"肉じゃが"という料理を考える

つい先日、とある食堂にてこんなメニューを見つけた。

その名も"豚肉のにらもやし"

名の通り、豚肉とにら、もやしを炒め合わせた料理なのだが、注目すべきはその料理名だ。

豚肉のにらもやし、ただ材料名を羅列しただけではないか…。料理名としてまったく成立していない。

豚肉のにら燃やし、と脳内変換してみる。でも燃やしという言葉をつけるとじつに不味そうだ。なんていうか愛を感じない。

思うに、燃やすというのはモノを雑多に火に投げ入れる行為そのものに向けられている気がする…がそんなことはどうでもいい。

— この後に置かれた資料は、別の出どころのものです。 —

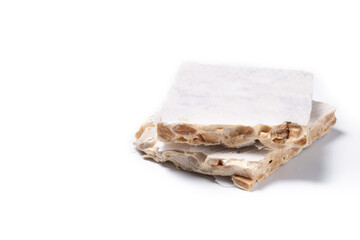 Delicious almond nougat isolated on white background. Traditional Christmas sweet. Copy space
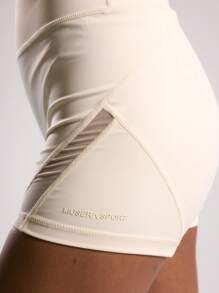 Musera Sport Quần short thể thao cạp cao có lưới thoáng khí, thích hợp cho đạp xe, chơi padel, tennis, pickleball, tập gym và thể dục. - Màu be - Xem 5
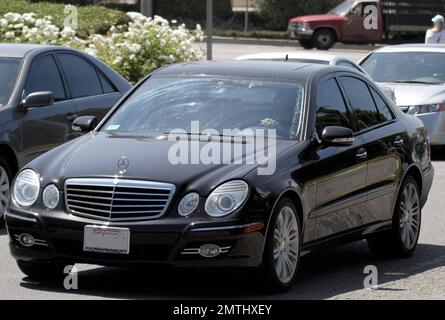 Sylvester Stallone arrives at his son Sage Stallone's funeral. Wearing
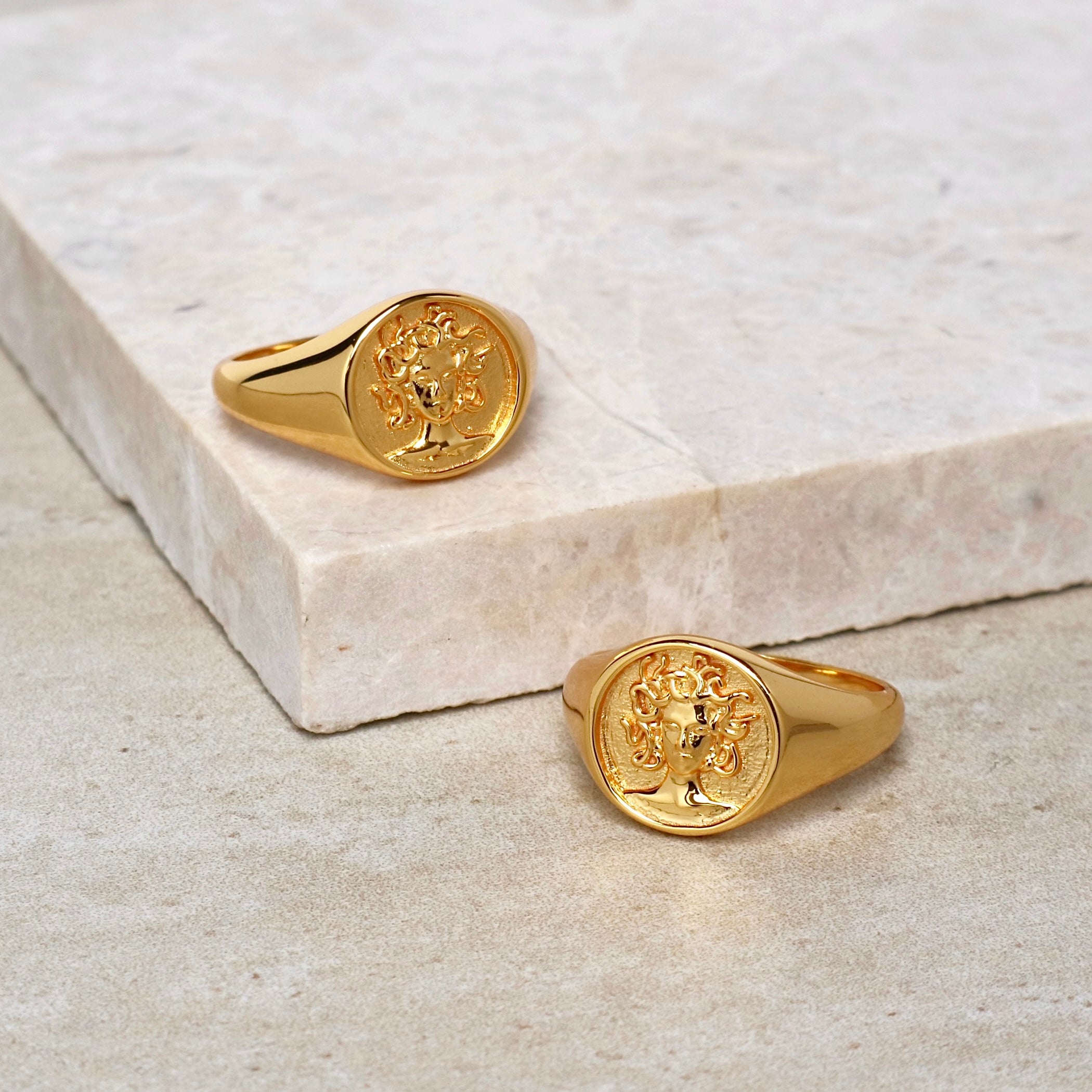 Gold signet ring for women featuring Medusa design in 18k plated finish by Rani and Co womens jewellery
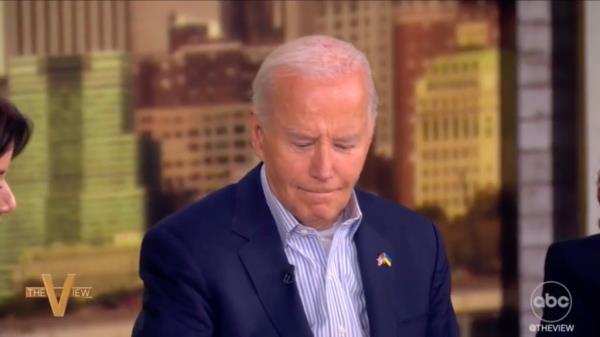 Biden slammed his hands on the table in an imitation of squashing Trump.
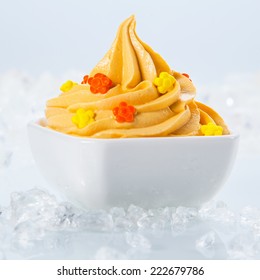 Close Up Healthy Frozen Yogurt With Little Toppings On White Bowl Surrounded By Ice Pieces On Sides. Isolated On White Background.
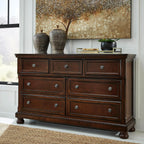 Signature Design by Ashley Porter 7-Drawer Wood Bedroom Dresser, Brown | Traditional chest of drawers, Hidden jewelry tray, Cedar-lined bottoms, Organized bedroom storage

そんなことを考えていると、僕の脳裏にある料理が浮かんだ。

…"肉じゃが"も材料名羅列しただけじゃね?

なんということだ。今まで日本人のお袋の味として我々の舌に馴染んできた肉じゃがが、

にらもやし程度のクオリティの名前だったとは。

これはいけない。

正式名をつけるとするならば、"牛肉とじゃがいもをはじめとする各種野菜の和風しょうゆ煮込み”ではないのか。

でもこれ言いにくいな。

まるで格調の高いレストランのメイン料理みたいだ。

そこで僕は"肉じゃが"という名前を、"牛肉とじゃがいもをはじめとする各種野菜の和風しょうゆ煮込み"の略称と再定義することにより、

この論争に終止符を打った。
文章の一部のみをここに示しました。